▶ _DIRECTIONS_:
In the data below, locate the line containing "May include: Two" and the line containing "Jasny Kąt/Nemesis - Nowoczesna", then retype both and everything between them exactly. Pictures are not part of the copy.

▶ _ENTRIES PROVIDED_:
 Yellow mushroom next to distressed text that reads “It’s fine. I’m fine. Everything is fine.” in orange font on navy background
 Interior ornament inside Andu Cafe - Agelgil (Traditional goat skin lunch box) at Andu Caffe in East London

...

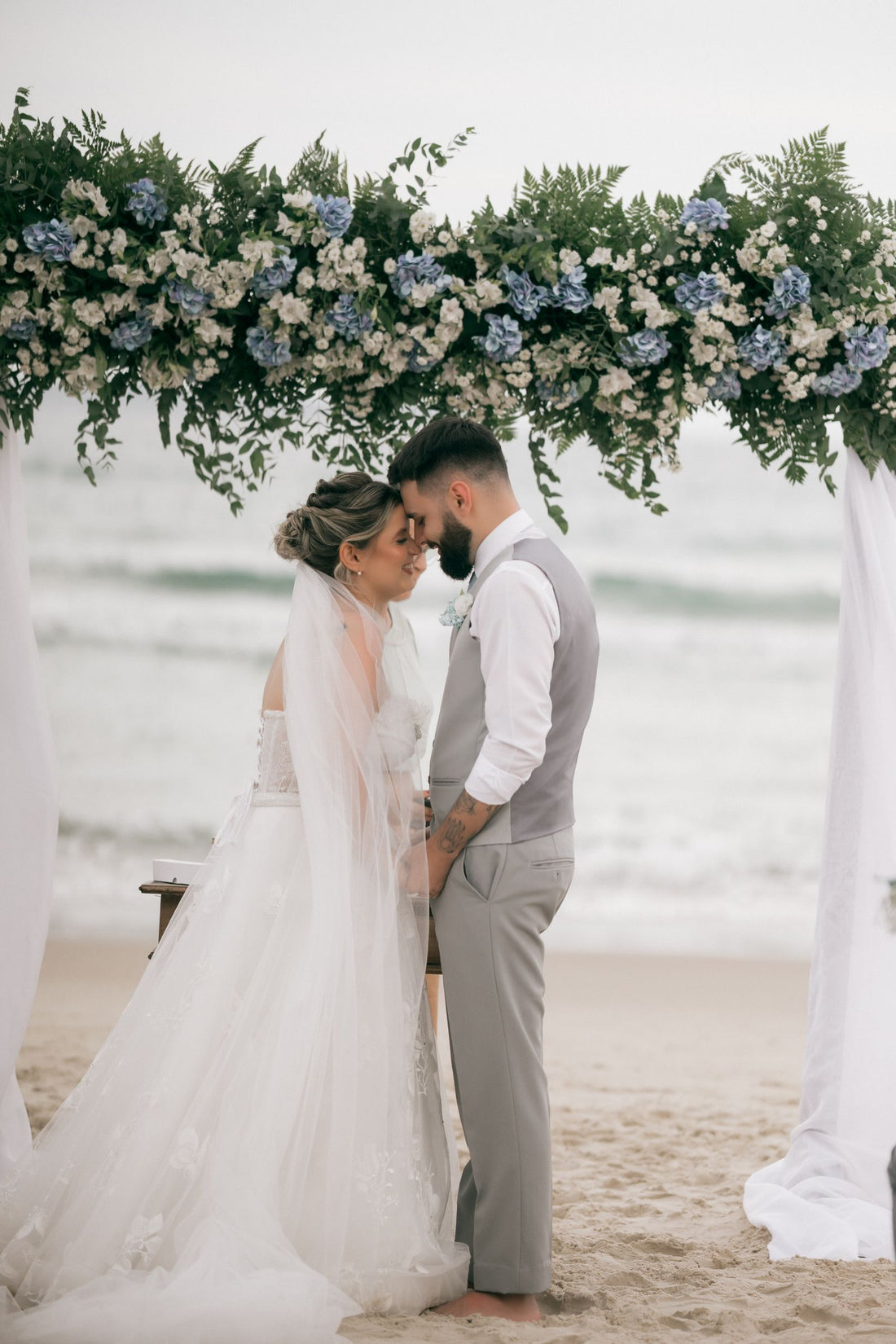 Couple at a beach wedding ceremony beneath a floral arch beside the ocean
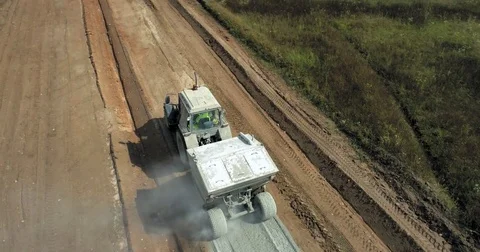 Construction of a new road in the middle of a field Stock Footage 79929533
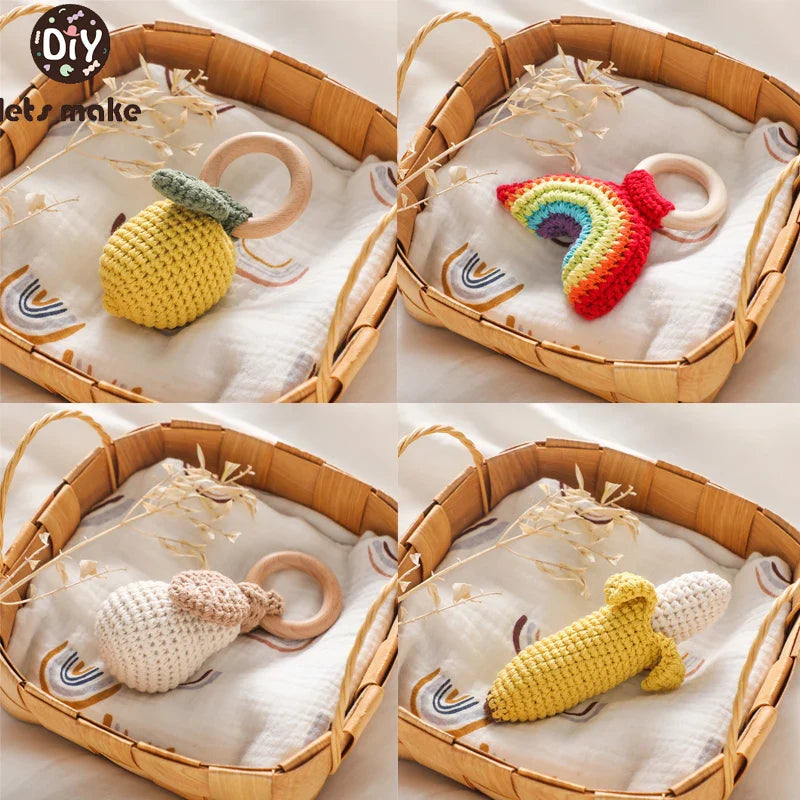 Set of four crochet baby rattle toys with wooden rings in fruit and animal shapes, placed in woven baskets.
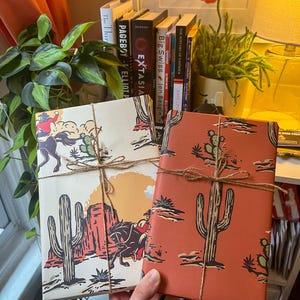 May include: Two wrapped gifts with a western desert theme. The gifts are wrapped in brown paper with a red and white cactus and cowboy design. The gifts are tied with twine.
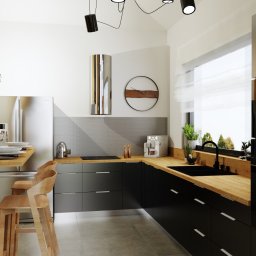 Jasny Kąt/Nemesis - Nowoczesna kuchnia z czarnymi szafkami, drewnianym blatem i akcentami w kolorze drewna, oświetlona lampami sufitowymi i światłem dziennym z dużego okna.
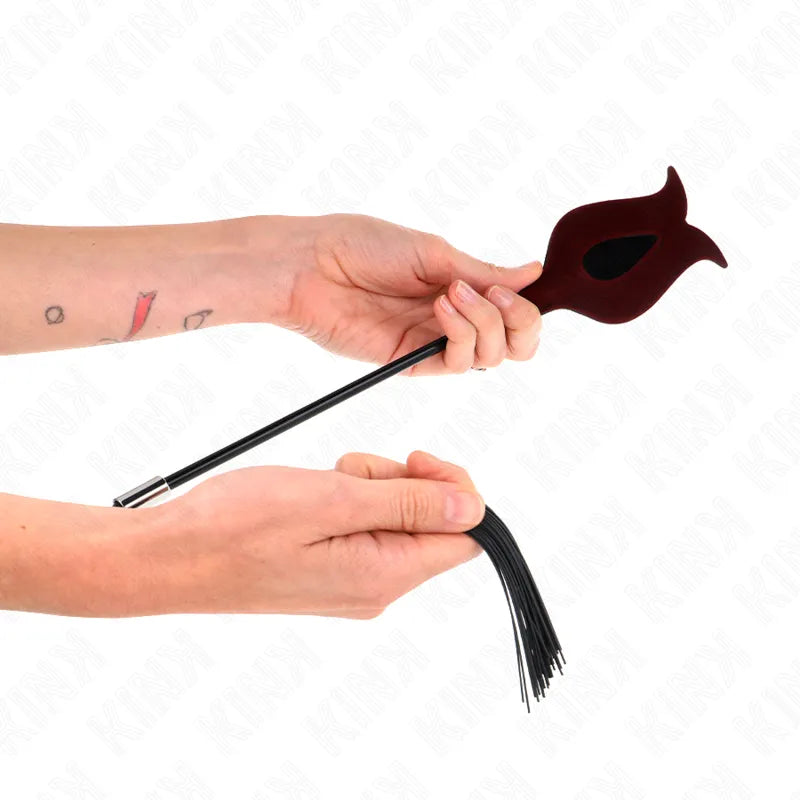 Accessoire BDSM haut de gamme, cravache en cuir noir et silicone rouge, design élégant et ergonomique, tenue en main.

▶ _ANSWER TO THIS PROBLEM_:
 May include: Two wrapped gifts with a western desert theme. The gifts are wrapped in brown paper with a red and white cactus and cowboy design. The gifts are tied with twine.
 Jasny Kąt/Nemesis - Nowoczesna kuchnia z czarnymi szafkami, drewnianym blatem i akcentami w kolorze drewna, oświetlona lampami sufitowymi i światłem dziennym z dużego okna.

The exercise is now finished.